6

Hasta la noche siguiente Kate no le preguntó por qué no funcionaba el teléfono ni Internet. Durante la mañana y la tarde no había parado de escribir y hasta última hora no se había preocupado de mirar el correo.

—Voy a ver —dijo él, y se puso a mirar las conexiones del teléfono y del ordenador sin encontrar nada—. Mañana puedo ir al pueblo y decirle al técnico que venga a ver qué pasa.

—Entonces volveré a perder medio día. Espera un poco. A veces las cuestiones técnicas se arreglan solas.

Como dos días después las cuestiones técnicas no se habían arreglado, Kate le urgió:

—Si mañana vas al pueblo, pregunta también si no hay alguna otra red que tenga cobertura aquí. Sin móvil no se puede estar.

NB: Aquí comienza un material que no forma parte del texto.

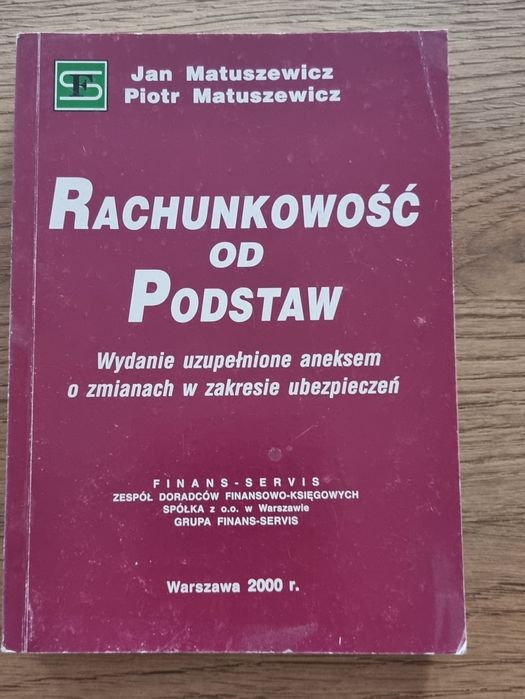 Rachunkowość od podstaw Matuszewicz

A los dos les había alegrado al principio que, tanto en la casa como en el resto de la finca, no hubiera cobertura para el móvil, y no estar localizables y disponibles en todo momento; no contestar al teléfono fijo a determinadas horas y carecer de contestador automático; no recibir las cartas en casa sino irlas a buscar al correo… ¿Y ahora Kate quería un móvil?

Estaban ya en la cama y Kate apagó la luz. Él volvió a encenderla.

—¿De verdad quieres que esto sea como Nueva York?

Como ella no decía nada, no supo si es que no había entendido su pregunta o si no tenía ganas de contestar.

—Quiero decir que…

—Nuestra vida sexual funcionaba en Nueva York mejor que aquí. Allí estábamos ávidos el uno del otro. Aquí somos como una pareja de viejos, cariñosos, pero sin ninguna pasión. Es como si la hubiéramos perdido.

Él se enfadó. Sí, su vida sexual era ahora más tranquila; más tranquila pero más profunda. En Nueva York a menudo se lanzaban uno en brazos del otro voraces y presurosos, y aquello tenía su aliciente igual que lo tenía la voraz y presurosa vida en la ciudad. Su vida sexual era como su vida en general, tanto aquí como allá, y si Kate ansiaba la voracidad y la precipitación, puede que no fuera sólo en lo tocante al sexo. ¿Habría necesitado la tranquilidad sólo para escribir el libro? Y ahora que lo había terminado, ¿querría terminar también con la vida en el campo? Ya no estaba enfadado. Tenía miedo.

—Me gustaría hacer el amor contigo más a menudo. Me encantaría irrumpir en tu cuarto y cogerte entre mis brazos y que tú enlazaras los tuyos alrededor de mi cuello, y llevarte a la cama y…

—Ya lo sé. No era eso lo que quería decir. Cuando acabe el libro, todo irá mejor. No te preocupes.

Kate se cobijó entre sus brazos e hicieron el amor. A la mañana siguiente, cuando él se despertó, ella ya estaba despierta y lo estaba mirando. Como no decía nada, también él se puso de lado y la miró, sin decir nada. No podía leer en sus ojos qué sentía o pensaba, e intentó que los suyos tampoco delataran su miedo. La noche anterior no se había creído que fuera cierto que no quería decir lo que había dicho y tampoco lo creía en ese momento. Su miedo estaba lleno de añoranza y de anhelo. El rostro de ella, con su frente despejada, el trazo altivo de sus cejas sobre sus ojos oscuros, su nariz larga, su boca generosa y su barbilla, que estirada, abombada o arrugada expresaba su estado de ánimo, era el paisaje con el que su sentimiento amoroso se sentía cómodo. Ella estaba contenta y se sentía cómoda cuando su rostro se abría y se volvía hacia él, y angustiada cuando su rostro se cerraba y lo rechazaba. Es un rostro nada más, pensó, y sin embargo contiene cuanto necesito y puedo digerir. Sonrió. Ella seguía mirándole muda y seria, pero le echó un brazo por la espalda y lo atrajo hacia sí.